Cerita Tentang Perjalanan Jihad dan Refleksi Kembali ke NKRI

Acara dibuka oleh pembawa acara, alumni pondok pesantren Al Mukmin Ngruki dan mantan kombatan Afghanistan, dengan kutipan kisah dari tulisan Dr. Abdullah Azzam, tokoh jihad global yang hadir dalam konflik Afghanistan pada tahun 1980an. Kisah ini menggambarkan seorang pemuda, Gul Muhammad, dalam perjalanan pulang ke kamp mujahidin di malam hari. Dia berhadapan dengan tentara komunis, mengucapkan “Allahu Akbar,” kemudian melempar pasir ke arah tank yang akhirnya meledak. Dengan cerita ini, pembawa acara menekankan pentingnya tetap berdoa dan refleksi tentang perjalanan mereka sebagai mantan kombatan, mengenang nostalgia perlawanan namun dalam nuansa yang bernuansa militeristik.

Narasumber pertama, Abu Rusydan, dengan mengenakan kaos merah-putih bertuliskan “NKRI” dan berpeci hijau, mulai berbicara dengan gaya penceritaan yang bersifat sangat pribadi dan membekas dalam kehidupannya. Abu Rusydan mengisahkan saat-saat ketika ia bergabung di medan perang Moro pada tahun 2000, berbincang dengan tokoh MILF Salamat Hasyim, yang mempertanyakan alasan mereka melawan pemerintahan Indonesia yang saat itu dipimpin Presiden Habibie, seorang Muslim.

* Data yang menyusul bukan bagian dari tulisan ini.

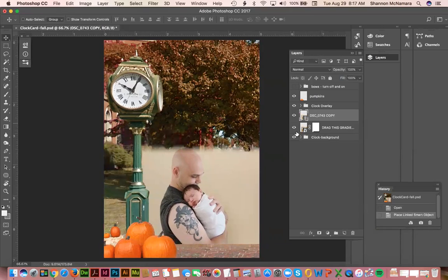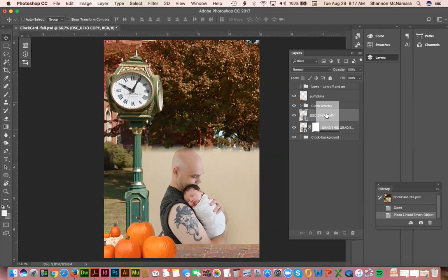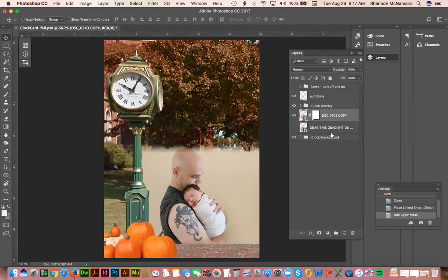And then all I need to do is take this gradient mesh right here, drag it and place it on top of the new photo, and then just turn off that link. And then that's really...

Hasyim menekankan pentingnya tidak mengangkat senjata melawan sesama Muslim, sebuah refleksi yang kemudian menjadi dasar pemikiran Abu Rusydan.

Refleksi dari Alumni Afghanistan: Menimbang Kembali Makna Jihad

Abu Rusydan berbagi pengalaman awalnya dikirim ke Afghanistan untuk "belajar jihad" sesuai arahan dari Abdullah Sungkar, tokoh penting Jamaah Islamiyah (JI). Di sana, dia bertugas sebagai penerjemah dan belajar teori jihad langsung dari para instruktur. “Jihad yang syar'i” menjadi tujuan utama pelatihan mereka. Menariknya, ia menekankan bagaimana jihad dulunya asing di kalangan para kombatan Indonesia sebelum belajar di Afghanistan, dan kehadiran di sana menjadi sarana pendidikan penting bagi mereka.

Abu Rusydan juga menceritakan momen-momen nostalgia bersama para pejuang lainnya yang mendapat gelar dalam “upacara resmi” setelah menjalani pelatihan di Afghanistan. Namun, saat ini, menurut Abu Rusydan, adalah waktu yang tepat untuk meninjau kembali tujuan dan metode dari apa yang mereka sebut sebagai jihad.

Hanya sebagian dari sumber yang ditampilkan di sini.